Los líderes dañinos nunca tienen clara la visión. Y si la tienen, es aquella que les beneficia directamente, ya sea a ellos o a sus allegados. Son los gerentes que siempre juegan para su equipo, no para el de la empresa en la que trabajan. Y tampoco saben mediar. Ni ser empáticos. Y solo cuando son malévolamente audaces corrigen a tiempo sus errores. Aunque eso suceda solo muy de vez en cuando. De ahí que con tanta frecuencia se hundan proyectos dirigidos por quienes no pasan de conocer el rudimentario idioma del látigo.
A eso se suma la incapacidad de entender los contextos. Sé de un súper oficinista, muy apreciado por dar mucho más de lo que fijaba su horario, pero que al recibir la orden de marcar tarjeta decidió circunscribirse estrictamente a la jornada estipulada en su contrato. Desde entonces se va a las cinco en punto, llueva, truene o relampaguee. La imposición de una disciplina anticuada y hostil lastimó su vocación por entregar “la milla extra”. ¿Quién perdió? En realidad, todos. Porque pedió la empresa y también él. Y así, de caso en caso, pierde el país.
Para ser la cabeza de un equipo, la clave radica en escuchar mucho y en hablar poco. Domar el ego es una tarea decisiva para no caer en las propias trampas. Entre esos dirigentes que deterioran a las entidades, los hay para todos los gustos. Si se trata de gerentes, los más peligrosos son aquellos que actúan taimados y venenosos. Es decir, los que montan estrategias no para vender más, sino para alentar sus intereses personales, aunque estos perjudiquen a la compañía y terminen causando la salida del recurso humano más valioso. Si es un gobernante, el riesgo mayor se ve reflejado en las reacciones hepáticas que se dan cuando, teniendo enfrente el vendaval, se niega a aceptar su enorme pifia. Y así, montado en sus necedades, no atiende razones y contribuye, en su contra, a crear la tormenta perfecta.
Un buen líder debe inspirar confianza. No solo en su forma de conducir el timón, sino en su manera de delegar. Y tan grave es asignarle tareas a un incompetente, para favorecerlo, como no permitirle desarrollarse a los talentosos, infundiéndoles temor a ser desplazados.
Escribo esto en función del bicentenario que, como país, cumpliremos dentro de un año. Sin un liderazgo sano, valiente y capaz, la celebración de la independencia en 2021 volverá a limitarse a esos anodinos desfiles y al entusiasta pero inútil derroche de energía que se gasta en miles de antorchas.

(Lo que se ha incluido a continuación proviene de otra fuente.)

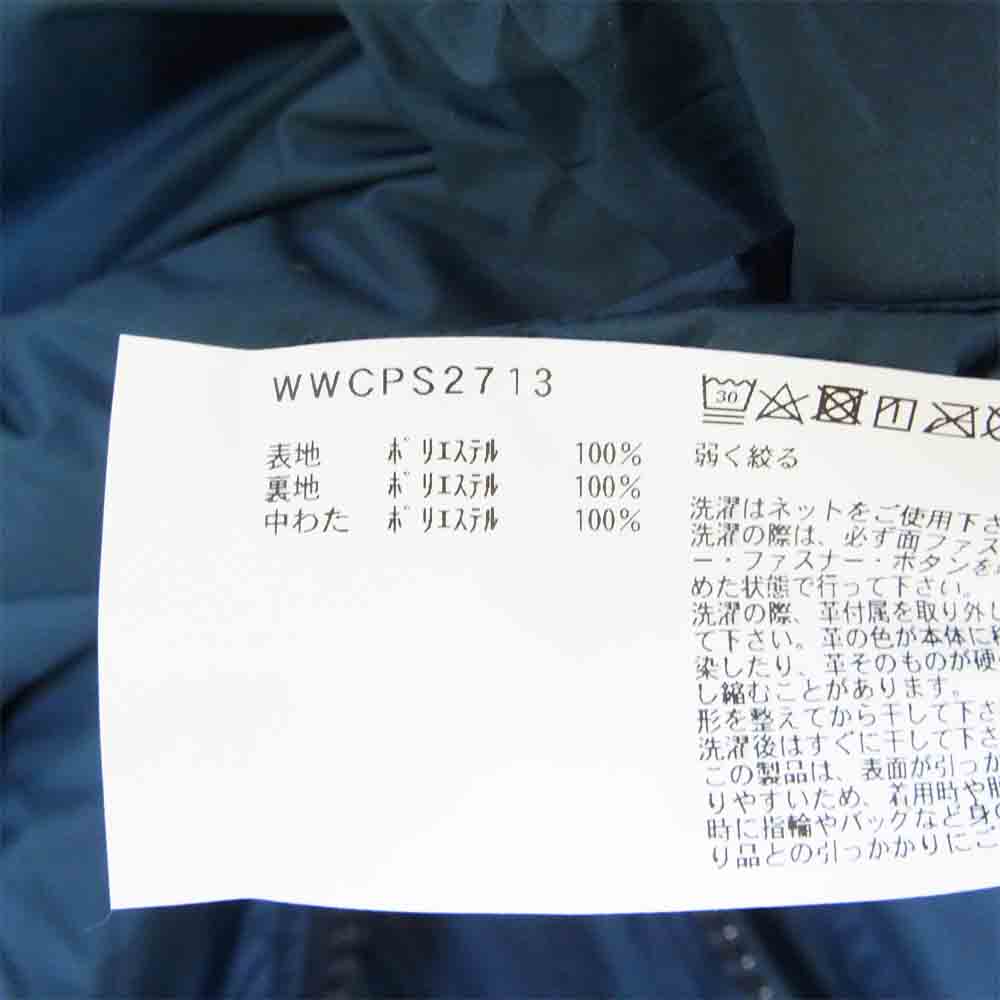 WOOLRICH ウールリッチ WWCPS2713 AIRVIEW BOMBER ボンバー ジャケット MELTONBLUE S【新古品】【未使用】【中古】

Nos urgen dirigentes con sentido histórico. Gente con visión. Políticos, activistas, gerentes y jefes que no se conformen con medio resolver lo crítico, en detrimento de lo trascendente, sino que de verdad quieran dejar un legado. Nos faltan élites con la sensatez y el coraje de aspirar a ser una sociedad “gana-gana”. Lo resumo así: Necesitamos inspiradores, no capataces.